The company said that the weekend’s outage was due to a bug within an update script reinstalling a number of machines containing production traffic for photo sharing, camera uploads, and some APIs.
“On Friday at 5.30pm PT, we had a planned maintenance scheduled to upgrade the OS on some of our machines. During this process, the upgrade script checks to make sure there is no active data on the machine before installing the new OS,” wrote Dropbox head of infrastructure Akhil Gupta.
“A subtle bug in the script caused the command to reinstall a small number of active machines. Unfortunately, some master-slave pairs were impacted, which resulted in the site going down.
“Your files were never at risk during the outage.”
Gupta said that Dropbox was able to recover from backups, and able to restore “most functionality” within three hours.
However, the company was not able to fully restore complete functionality until Sunday afternoon, Pacific Time, due to the large size of the MySQL databases that the company uses.
Seemingly shocked by the time taken using the standard tooling to restore from MySQL backups, Dropbox said it has developed a tool that will allow for faster restorations by parallelising the replay of binary logs.

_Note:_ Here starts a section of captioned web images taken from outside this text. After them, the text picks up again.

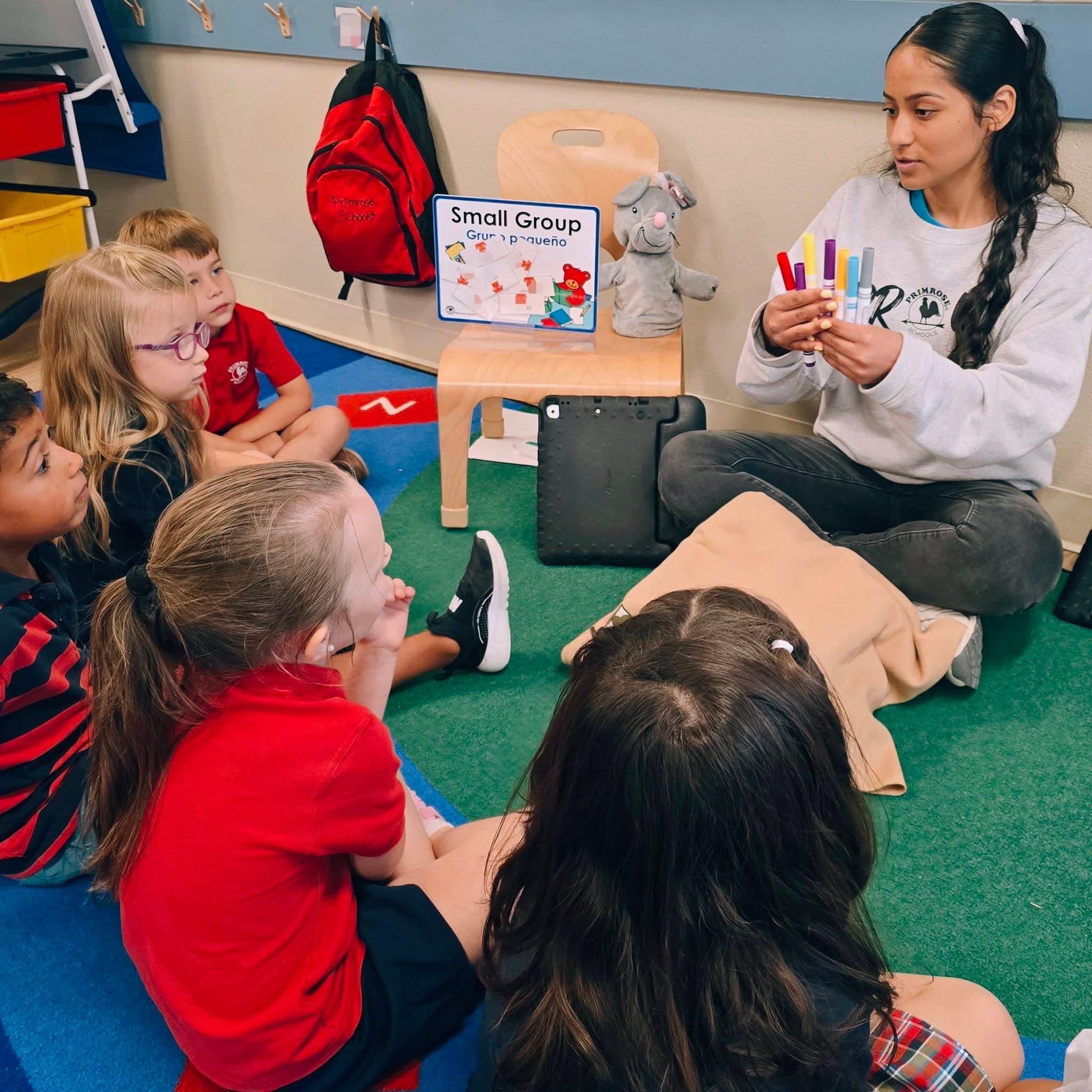 A Pre-K teacher leading her students in a small group lesson at Primrose School at Heritage in Keller, TX.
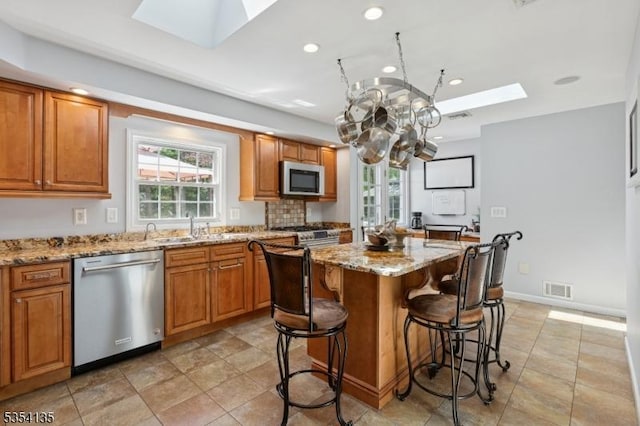 kitchen featuring visible vents, a center island, a sink, appliances with stainless steel finishes, and a skylight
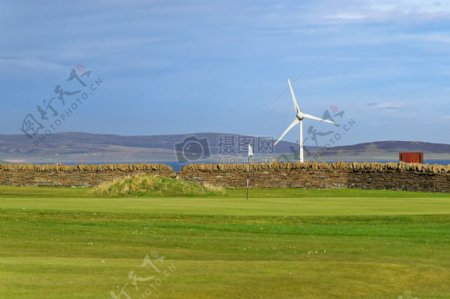高尔夫高尔夫球场绿色国旗风力发电机组墙景区当然草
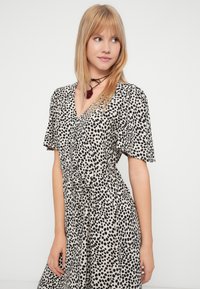 Νεαρή γυναίκα με ίσια ξανθά μαλλιά, φορώντας ένα μαύρο και λευκό φόρεμα με πουά και ένα μαύρο choker με κόκκινο κρεμαστό, κοιτάζοντας πλάγια.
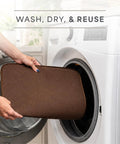 Top Shelf Microfiber Dish Drying Mat Extra Large 18 X 24 Inch Countertop Pad being placed in washing machine for easy cleaning.
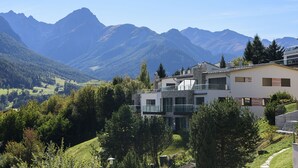 Un edificio moderno con fachada de piedra, rodeado de abundante vegetación y montañas al fondo.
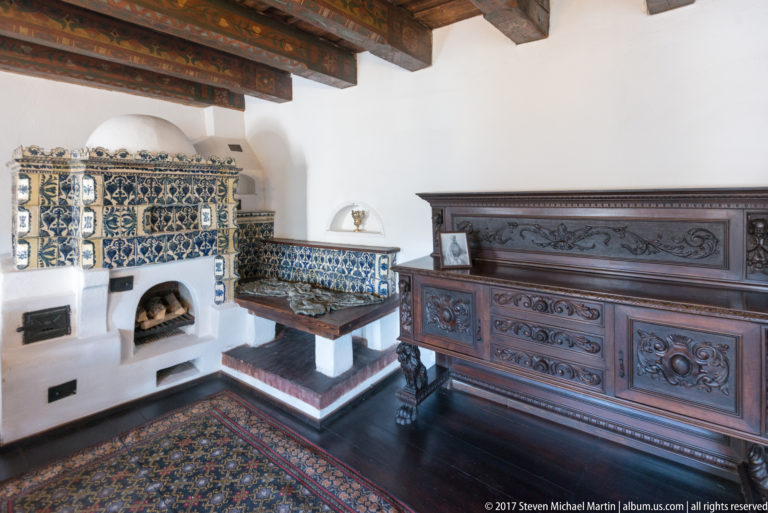 Room corner with blue-and-white tiled stove and bench, carved chest, timber beams, and patterned rug.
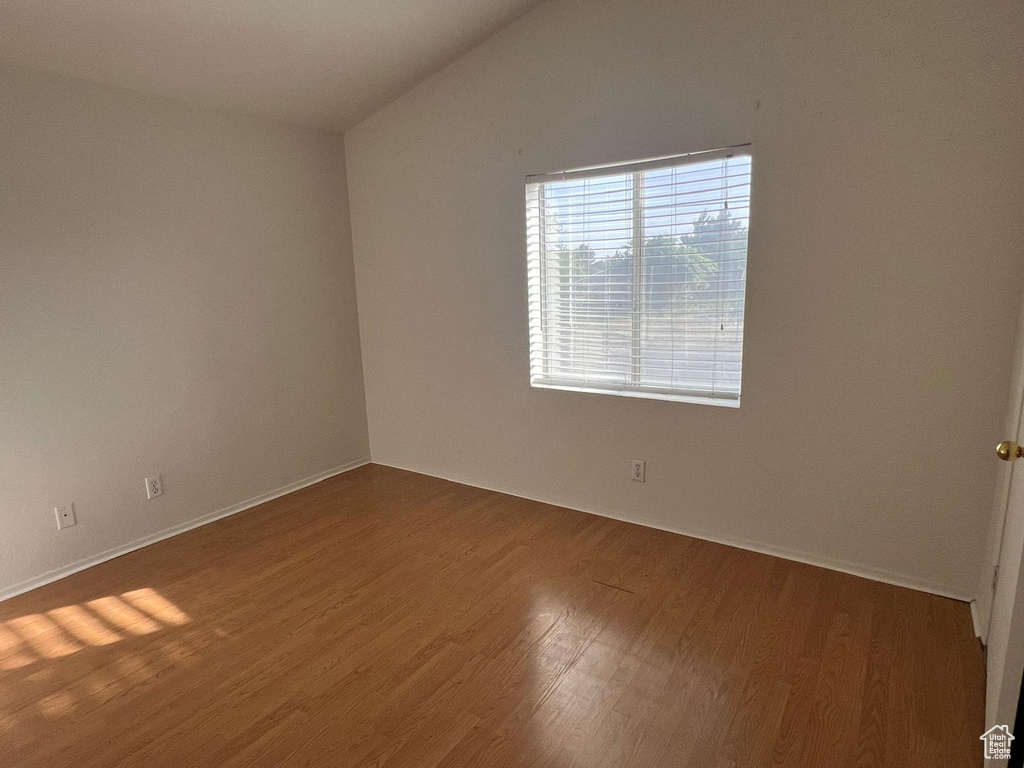 Unfurnished room with wood finished floors, lofted ceiling, and baseboards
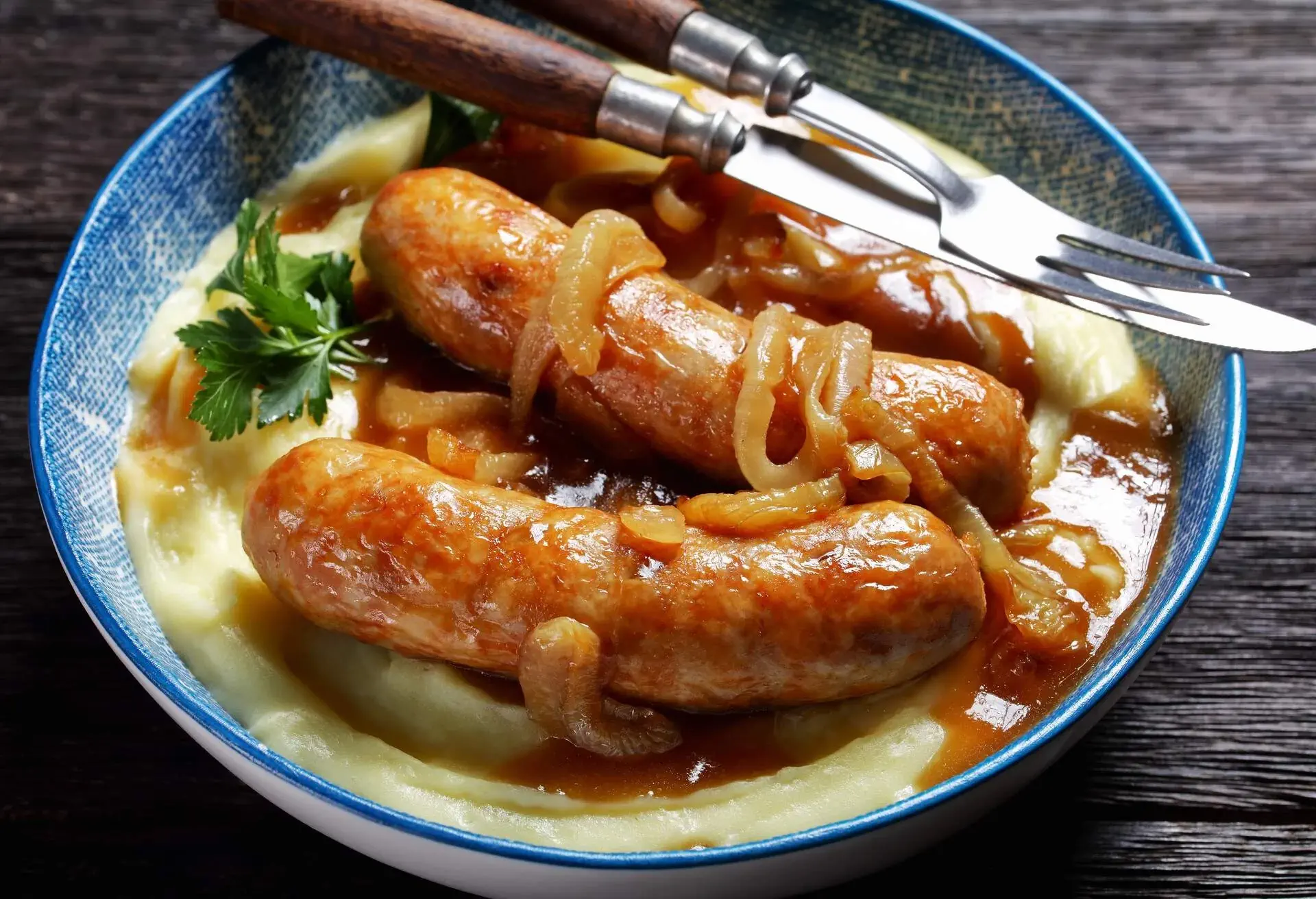 Bangers and mash traditional british dish of pork sausage with onion gravy and mashed potato on a blue plate with cutlery on a dark wooden background, top view, close-up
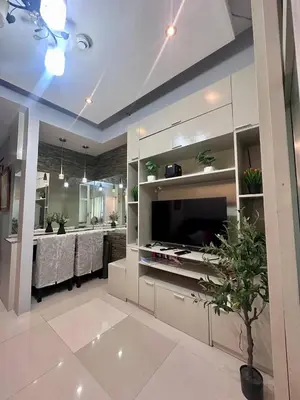 a living room with a kitchen and a dining room at Sea Residences by Richnells in Manila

The company plans to open source this tool in future.
In order to prevent the updating script from reinstalling active machines in Dropbox’s master and dual-slave database infrastructure, Gupta said that active machines would now be able to ignore such commands.
“Over the past few years, our infrastructure has grown rapidly to support hundreds of millions of users. We routinely upgrade and repurpose our machines. When doing so, we run scripts that remotely verify the production state of each machine,” Gupta said.
“We’ve since added an additional layer of checks that require machines to locally verify their state before executing incoming commands. This enables machines that self-identify as running critical processes to refuse potentially destructive operations.”